Son angoisse n’était point de celles qui s’expliquent. Elle s’appuya au mur du corridor, prête qu’elle était à défaillir.

— Et tu le connais, Pola, reprit madame Éliane, Quand il va venir tout à l’heure, c’est un visage ami que tu vas saluer de tes baisers. Te souviens-tu de ce jeune soldat que notre bon Mitraille aimait tant ?

— Si je me souviens de Roger ! s’écria Pola. Oh ! c’est Mélise qui va être contente.

Mélise pressait à deux mains son cœur défaillant.

— Comme il est beau, n’est-ce pas, poursuivait la comtesse ; et bon, et brave !

— C’est donc Roger ?… bien vrai ?… demanda Pola.

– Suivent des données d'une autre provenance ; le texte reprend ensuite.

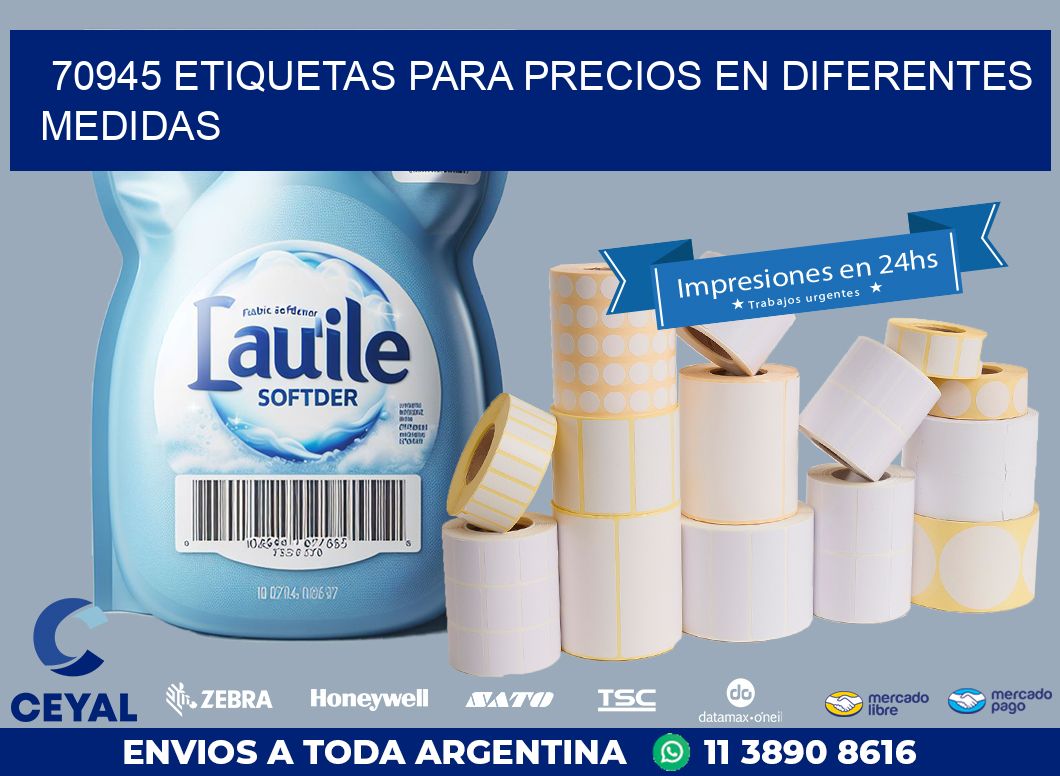 70945 ETIQUETAS PARA PRECIOS EN DIFERENTES MEDIDAS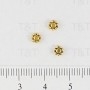 Antique Gold Daisy spacer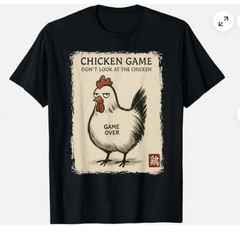 Funny Japanese Art Chicken Game Graphic T Shirt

— C’est Roger, répondit Éliane, qui est le comte de Pardaillan.

Les genoux de Mélise fléchirent et touchèrent les dalles du corridor.

— Roger ! balbutia-t-elle en un sanglot, comte de Pardaillan ! Je suis perdue !

La comtesse ajouta :

— Je puis te dire tout cela maintenant, ma fille. Nous ne craignons plus rien. Tous les bonheurs nous viennent à la fois. Le secret qui pesait sur ma vie va être connu et me laisser libre, avec un grand deuil, certes, un deuil inconsolable, mais sans crainte, du moins, pour l’avenir de mes enfanta bien-aimés.